Many people love to watch birds. They plant gardens with birds in mind. They erect birdbaths and bird feeders to attract birds. Some even keep a daily record of the numbers and types of birds seen. The true birdwatcher might not make the following entry, but the average person might: “Today only sparrows.” After all, there are the pretty, exotic or rare Birds, and then there is the common house sparrow. And yet it may be the commonness and plainness of the sparrow that merits mention in the scriptures. Granted, only four passages talk about sparrows, and two of those may be parallel. Nevertheless, the sparrow gets mentioned, and the chicken does not.
“By reason of the voice of my groaning my bones cleave to my skin. I am like a pelican of the wilderness: I am like an owl of the desert. I watch, and am as a sparrow alone upon the house top. Mine enemies reproach me all the day; and they that are mad against me are sworn against me.” (Ps 102:5-8) This psalmist is in a poor state indeed. Nobody wants to be with him. He is, as his nation was at the time, an outcast and a byword. He describes himself as a solitary pelican or owl. Then he shows how forlorn he truly is. He says he watches “as a sparrow alone on the house top.” Now that is desolate indeed. When was the last time you saw a sparrow alone anywhere? One of the things that make people hate sparrows is that they congregate. They are supremely social birds, and that is why they can abide human habitation. A lone sparrow on the housetop is about as desperate a strait that can be imagined.
Most people are not fond of sparrows. They are plain; they are common; and they are nuisances. It is just that dislike that makes the other references to sparrows significant.
“Yea, the sparrow hath found an house, and the swallow a nest for herself, where she may lay her young, even thine altars, O LORD of hosts, my King, and my God.” (Ps 84:3) Some say sparrows will build their nests anywhere, and that may be true. One of the places they built nests was the Temple. This psalmist, possibly someone taken to Babylon in the first deportation, longs to be able to go to God’s house. Why, even the sparrows can lodge there, but he cannot see it. “A day in thy courts is better than a thousand” elsewhere. (v. 10) Even the lowly sparrow is allowed many days in those courts. If a sparrow, why not me? If God allows a sparrow to dwell in his presence, how much more should I want to dwell there! I am better than a sparrow.
It is that last statement that is the point of the remaining two passages about sparrows: Matt 10:29-31 and Lk 12:6-7. On possibly two different occasions Jesus talks about how little we need to fear.
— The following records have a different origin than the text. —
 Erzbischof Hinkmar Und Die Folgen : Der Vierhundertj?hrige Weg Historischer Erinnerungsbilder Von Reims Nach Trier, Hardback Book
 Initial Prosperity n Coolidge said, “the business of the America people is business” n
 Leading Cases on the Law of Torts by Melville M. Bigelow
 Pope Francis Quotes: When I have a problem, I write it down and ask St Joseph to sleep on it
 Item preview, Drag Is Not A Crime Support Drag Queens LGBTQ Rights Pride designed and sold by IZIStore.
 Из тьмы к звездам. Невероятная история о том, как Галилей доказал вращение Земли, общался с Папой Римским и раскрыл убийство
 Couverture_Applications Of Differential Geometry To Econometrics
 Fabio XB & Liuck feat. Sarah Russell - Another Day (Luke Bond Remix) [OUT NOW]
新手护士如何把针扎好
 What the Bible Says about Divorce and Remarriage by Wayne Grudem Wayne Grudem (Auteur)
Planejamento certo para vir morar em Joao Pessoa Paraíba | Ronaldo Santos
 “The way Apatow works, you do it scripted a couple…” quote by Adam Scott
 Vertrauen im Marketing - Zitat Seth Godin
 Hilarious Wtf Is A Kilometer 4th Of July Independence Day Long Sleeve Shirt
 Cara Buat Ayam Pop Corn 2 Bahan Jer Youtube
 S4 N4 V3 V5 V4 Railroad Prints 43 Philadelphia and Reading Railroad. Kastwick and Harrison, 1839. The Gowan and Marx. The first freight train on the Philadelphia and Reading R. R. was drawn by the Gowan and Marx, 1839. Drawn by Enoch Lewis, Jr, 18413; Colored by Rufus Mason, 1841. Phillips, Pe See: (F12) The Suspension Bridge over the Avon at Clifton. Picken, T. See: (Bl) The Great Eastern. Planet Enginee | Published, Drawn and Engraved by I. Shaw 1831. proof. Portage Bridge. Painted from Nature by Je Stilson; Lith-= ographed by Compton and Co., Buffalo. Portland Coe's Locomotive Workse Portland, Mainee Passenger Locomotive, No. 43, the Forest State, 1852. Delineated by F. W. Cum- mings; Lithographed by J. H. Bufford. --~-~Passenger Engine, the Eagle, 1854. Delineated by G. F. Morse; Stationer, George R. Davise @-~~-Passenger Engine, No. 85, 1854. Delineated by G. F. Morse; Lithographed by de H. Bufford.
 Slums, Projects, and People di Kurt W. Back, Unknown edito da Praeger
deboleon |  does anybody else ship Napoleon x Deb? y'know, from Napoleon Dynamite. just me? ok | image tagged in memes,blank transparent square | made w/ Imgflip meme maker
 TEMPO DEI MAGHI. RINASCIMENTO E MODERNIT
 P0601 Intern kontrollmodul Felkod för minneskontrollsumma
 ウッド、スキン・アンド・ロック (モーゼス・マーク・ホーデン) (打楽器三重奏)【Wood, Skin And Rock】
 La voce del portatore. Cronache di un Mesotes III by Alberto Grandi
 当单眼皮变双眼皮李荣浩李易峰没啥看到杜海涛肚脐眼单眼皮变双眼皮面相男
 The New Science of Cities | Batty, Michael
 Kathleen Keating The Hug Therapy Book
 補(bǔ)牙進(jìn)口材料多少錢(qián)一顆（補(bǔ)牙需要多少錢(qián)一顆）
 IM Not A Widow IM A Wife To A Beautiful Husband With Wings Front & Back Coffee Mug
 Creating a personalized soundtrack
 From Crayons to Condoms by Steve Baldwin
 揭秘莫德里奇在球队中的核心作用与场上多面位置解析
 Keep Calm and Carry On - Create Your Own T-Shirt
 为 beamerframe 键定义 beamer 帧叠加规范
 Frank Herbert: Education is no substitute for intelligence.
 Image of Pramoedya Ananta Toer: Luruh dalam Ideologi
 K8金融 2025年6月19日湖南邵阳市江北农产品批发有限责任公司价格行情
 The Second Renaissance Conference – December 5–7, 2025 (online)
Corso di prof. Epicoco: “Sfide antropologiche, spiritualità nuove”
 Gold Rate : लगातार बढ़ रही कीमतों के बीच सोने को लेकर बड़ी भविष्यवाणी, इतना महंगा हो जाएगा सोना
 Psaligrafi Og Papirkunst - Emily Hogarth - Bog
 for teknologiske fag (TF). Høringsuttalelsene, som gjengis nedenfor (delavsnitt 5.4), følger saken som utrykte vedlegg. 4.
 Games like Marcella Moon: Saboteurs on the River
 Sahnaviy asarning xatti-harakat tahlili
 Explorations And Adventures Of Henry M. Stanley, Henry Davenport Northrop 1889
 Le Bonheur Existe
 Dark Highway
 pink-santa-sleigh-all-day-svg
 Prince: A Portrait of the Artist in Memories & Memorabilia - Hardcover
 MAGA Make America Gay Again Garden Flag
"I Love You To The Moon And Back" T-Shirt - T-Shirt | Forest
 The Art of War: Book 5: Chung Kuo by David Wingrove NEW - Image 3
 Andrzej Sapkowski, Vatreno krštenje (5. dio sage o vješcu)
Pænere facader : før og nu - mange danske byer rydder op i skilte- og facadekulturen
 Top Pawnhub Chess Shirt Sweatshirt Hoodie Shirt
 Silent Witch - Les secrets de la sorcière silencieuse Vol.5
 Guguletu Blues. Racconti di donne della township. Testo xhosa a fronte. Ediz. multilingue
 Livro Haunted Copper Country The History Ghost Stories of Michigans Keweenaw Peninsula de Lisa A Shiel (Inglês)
His point is that if God takes care of sparrows, how much more he takes care of us, because we are more valuable than the sparrows. In Matthew he says two sparrows sold for a small amount. Luke records that five sparrows sold for twice that amount. That means that one sparrow gets tossed in for nothing. If God takes notice of even that sparrow that is thrown in for free, why should we worry? Why should we fear? Sparrows are virtually valueless. The value placed on a person, though, is the blood of the Son of God.
In the “Pirates of the Caribbean” movies, the ne’er-do-well pirate captain is named Jack Sparrow. If Cap’n Jack Sparrow were a real person, God would take care of even him, because God values even a Sparrow.